Reynolds Number Calculation

The Reynolds number is crucial for understanding fluid flow in a tube. It indicates whether the flow is laminar or turbulent. Calculating it separately for both liquid and gas phases helps in assessing the flow regime of each phase within the tube.
The formula for the Reynolds number is given by:

• For the liquid phase: \(Re_{l} = \frac{\rho_{l} V_{sl} D}{\mu_{l}}\)
• For the gas phase: \(Re_{g} = \frac{\rho_{g} V_{sg} D}{\mu_{g}}\)

Where:

• \(\rho\) is the density
• \(V\) represents velocity
• \(D\) is the tube diameter
• \(\mu\) stands for dynamic viscosity

Reynolds number helps determine if the phase flow is smooth (laminar) or chaotic (turbulent), affecting the heat transfer calculations.

Martinelli Parameter

The Martinelli parameter is a dimensionless number used in two-phase flow to relate the pressure drops of the liquid and gas phases. In our context, we use the modified Martinelli parameter \(X_m\) to account for the effect of void fraction in microgravity.
The calculation is done using:
\[X_m = \frac{\rho_{l} \alpha^{1.5}(V_{sl} V_{sg})^{0.5}}{\rho_{g}(1-\alpha)^{1.5}(V_{sl} + V_{sg})^{0.5}}\]
Where:

• \(\alpha\) is the void fraction—representing the volume of the gas phase within the mixture
• \(V_{sl}\) and \(V_{sg}\) are the superficial velocities for the liquid and gas phases

The Martinelli parameter helps measure the ratio of influence between the two phases when calculating the two-phase heat transfer coefficient.

Nusselt Number

The Nusselt number is a dimensionless number representing the efficiency of convective heat transfer relative to conductive heat transfer.
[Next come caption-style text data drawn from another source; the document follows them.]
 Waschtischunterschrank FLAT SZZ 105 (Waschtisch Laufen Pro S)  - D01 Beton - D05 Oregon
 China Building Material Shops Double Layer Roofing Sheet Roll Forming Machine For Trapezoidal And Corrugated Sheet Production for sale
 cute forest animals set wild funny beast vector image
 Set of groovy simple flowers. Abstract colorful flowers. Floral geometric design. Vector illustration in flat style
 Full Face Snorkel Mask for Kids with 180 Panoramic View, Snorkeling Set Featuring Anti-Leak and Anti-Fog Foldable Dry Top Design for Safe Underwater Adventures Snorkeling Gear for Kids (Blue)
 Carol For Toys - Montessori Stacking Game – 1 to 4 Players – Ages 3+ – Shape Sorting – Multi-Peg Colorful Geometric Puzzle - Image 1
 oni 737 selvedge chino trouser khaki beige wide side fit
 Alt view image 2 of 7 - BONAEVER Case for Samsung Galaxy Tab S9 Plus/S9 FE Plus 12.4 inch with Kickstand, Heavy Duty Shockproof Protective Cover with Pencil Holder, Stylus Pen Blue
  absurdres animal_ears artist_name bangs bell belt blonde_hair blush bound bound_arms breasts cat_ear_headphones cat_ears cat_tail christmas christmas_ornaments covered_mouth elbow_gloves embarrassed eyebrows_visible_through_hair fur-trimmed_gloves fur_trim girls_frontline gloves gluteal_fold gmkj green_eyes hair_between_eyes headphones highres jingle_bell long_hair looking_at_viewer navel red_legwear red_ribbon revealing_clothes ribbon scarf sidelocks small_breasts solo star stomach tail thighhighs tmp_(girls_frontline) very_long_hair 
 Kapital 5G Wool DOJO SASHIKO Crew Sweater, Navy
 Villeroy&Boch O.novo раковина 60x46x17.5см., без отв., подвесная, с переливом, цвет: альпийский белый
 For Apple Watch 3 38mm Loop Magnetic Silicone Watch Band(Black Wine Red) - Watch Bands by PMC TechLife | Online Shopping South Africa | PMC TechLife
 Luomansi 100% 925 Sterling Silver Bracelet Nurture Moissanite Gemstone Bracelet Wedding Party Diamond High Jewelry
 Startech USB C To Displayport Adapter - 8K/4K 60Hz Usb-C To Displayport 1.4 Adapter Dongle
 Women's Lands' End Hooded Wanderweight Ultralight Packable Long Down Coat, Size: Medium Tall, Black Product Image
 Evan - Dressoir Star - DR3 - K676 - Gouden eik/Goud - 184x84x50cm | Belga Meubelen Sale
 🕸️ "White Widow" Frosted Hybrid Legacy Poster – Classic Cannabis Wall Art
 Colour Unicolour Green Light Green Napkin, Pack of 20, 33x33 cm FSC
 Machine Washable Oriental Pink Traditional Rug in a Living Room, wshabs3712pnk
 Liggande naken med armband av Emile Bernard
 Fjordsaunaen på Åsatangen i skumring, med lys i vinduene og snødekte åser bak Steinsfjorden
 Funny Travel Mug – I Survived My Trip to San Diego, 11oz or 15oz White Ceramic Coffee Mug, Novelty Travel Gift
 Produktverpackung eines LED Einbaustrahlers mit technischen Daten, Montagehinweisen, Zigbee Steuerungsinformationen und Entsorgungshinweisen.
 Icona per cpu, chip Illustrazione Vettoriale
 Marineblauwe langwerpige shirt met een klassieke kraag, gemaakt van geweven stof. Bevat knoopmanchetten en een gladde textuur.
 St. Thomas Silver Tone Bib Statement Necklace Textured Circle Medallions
It is an essential part of calculating the single-phase heat transfer coefficient in fluids.
In the formula:

• \(Nu_l = \frac{h_l D}{k_l} = q Re_l Pr_l^{0.8}\)

Here:

• \(h_l\) is the heat transfer coefficient of the liquid
• \(D\) is the tube diameter
• \(k_l\) is the thermal conductivity
• \(Pr_l\) represents the Prandtl number of the liquid
• \(q\) adjusts for the viscosity change with temperature, calculated as \(q = \left(\frac{\mu_{l}}{\mu_{0}}\right)^{0.8}\)\

The Nusselt number helps bridge the gap between physical properties and the geometry of the system to calculate heat transfer in a fluid system.